Clueless police top brass sent packing
SA POLICE Service top brass were sent packing by MPs yesterday after they were unable to say how many billions the enactment of the "DNA Bill" would cost taxpayers.
Briefing the portfolio committee on policing, SAPS divisional commander for technology management services Lieutenant-General Bonginkosi Ngubane was unable, for the second time in two months, to explain why the department could not give the total cost of the information technology system it needed to support the Criminal Law (Forensics Procedures) Amendment Bill.
After facing harsh criticism from MPs, the police and State Information Technology Agency officials went into a private huddle - but returned empty-handed.
"I have been informed that making sense of the figures after an hour-and-a-half is not really possible . It's not really surprising," said chairman Annelize van Wyk. She gave the police and IT agency until Wednesday next week to submit the total cost in writing.

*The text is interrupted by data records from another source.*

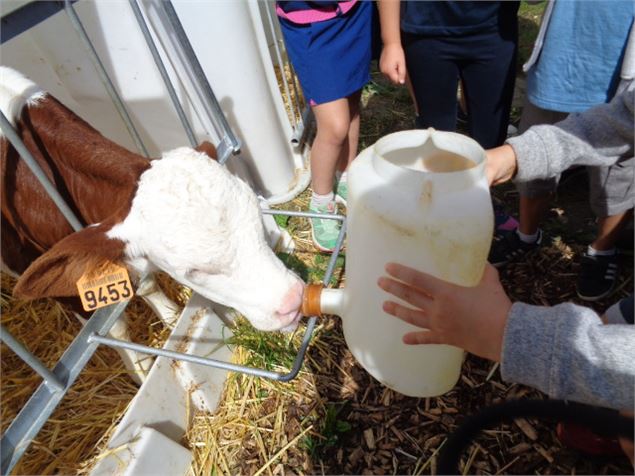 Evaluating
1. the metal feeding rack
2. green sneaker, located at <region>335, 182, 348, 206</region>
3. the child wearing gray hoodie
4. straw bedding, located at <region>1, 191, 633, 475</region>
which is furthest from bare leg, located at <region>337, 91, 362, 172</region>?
the child wearing gray hoodie

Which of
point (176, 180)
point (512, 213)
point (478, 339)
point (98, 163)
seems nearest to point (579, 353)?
point (478, 339)

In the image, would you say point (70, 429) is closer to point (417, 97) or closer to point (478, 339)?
point (478, 339)

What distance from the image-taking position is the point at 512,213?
2201mm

The bill is intended to give the police more powers to collect and store DNA samples taken from convicted felons, crime scenes and missing persons. The information could be referenced against other DNA samples listed on police database by other departments in the crime prevention and security cluster, and by international agencies.
Though the overall expenditure was not available, Ngubane was able to outline some of the costs involved.
R44.5-million for the software;
R40-million to configure the laboratory ware; and
R6-million to train 3000 senior officers by the end of this financial year, and an estimated R25-million for the next nine years.
Ngubane said it would take four years for the system and database to be up and running.
"In the meantime, we've got to work with what we have. It's an old system. It's not written according to the new architecture," he said. The choice of software for the envisaged system was questioned. It has yet to be decided whether the FBI's Codis or the "home-grown" Solve would be used.